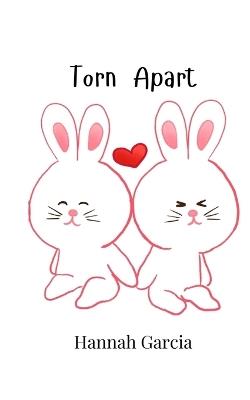Torn Apart - Hannah Garcia - cover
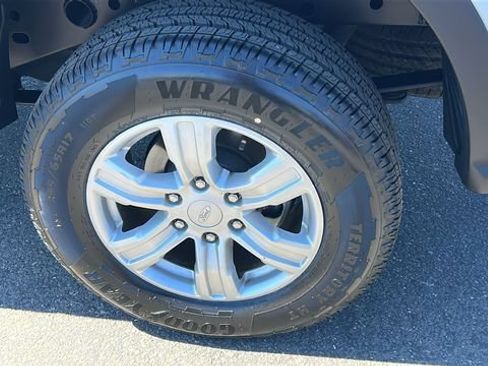 Certified 2023 Ford Ranger XL w/ Equipment Group 101A High RWD image 6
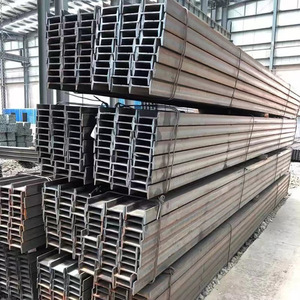 Poutre en acier structurel laminée à chaud de type H (<span class=keywords><strong>IPN</strong></span>, IPE, HEA, HEB, UC, UB, W, Q235B, Q355B) fabriquée en Chine - Product Image 6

-=-=-

Task to carry out: Repeat the material exactly. Skip the images.

Response for this exercise:
Torn Apart - Hannah Garcia - cover
 Certified 2023 Ford Ranger XL w/ Equipment Group 101A High RWD image 6
 Poutre en acier structurel laminée à chaud de type H (<span class=keywords><strong>IPN</strong></span>, IPE, HEA, HEB, UC, UB, W, Q235B, Q355B) fabriquée en Chine - Product Image 6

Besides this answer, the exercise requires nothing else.